Not so subdued, right? I rewound the yarn into two approximately equal cakes--they really let you see the colors of this, don't they? I was careful to try to make sure the cakes started at the same point in the wide color repeats of the Noro striping... so that in principle, at least, the two socks that will come from this will more or less match in their striping. I don't care if they're not exact, but I do like it when things are more or less the same.
I had intended this to be my conference travel knit, and I faithfully brought a ziploc bag with the yarn and needles with me to Pennsylvania last week. But, I got essentially nothing knit, because I had reading to do on flights, and the conferences were busy, and... well, no real knitting.
But sitting around on Friday after our second trip to Costco that day (totally uncrowded, incidentally! no particular deals, I guess, so no need to go then), I got to work.
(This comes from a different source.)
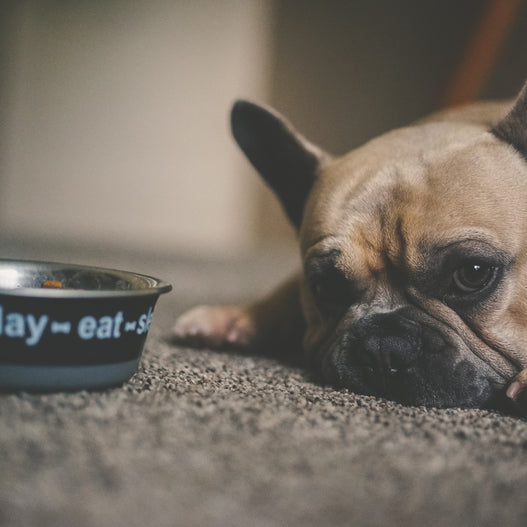 How to keep your pup safe from mycotoxins in dog food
I'd managed a toe, and had then decided to do them not just plain, but alternating between working from the outside and inside of the cakes in order to make them stripe more narrowly and sharply. I didn't like my first stab at this, and frogged it. But once I started again, it was like I couldn't stop, just because I find the way the colors are coming together to be completely amazing.
Here's a preview. I've got the first one almost done (although not the heel--I'm doing afterthought heels because I think I can better preserve the striping that way (or chose to do simply a solid colored heel).
These may end up being the craziest socks I have ever made, despite being in some ways the simplest--just stockinette, no crazy lace or cable pattern. Just stripes.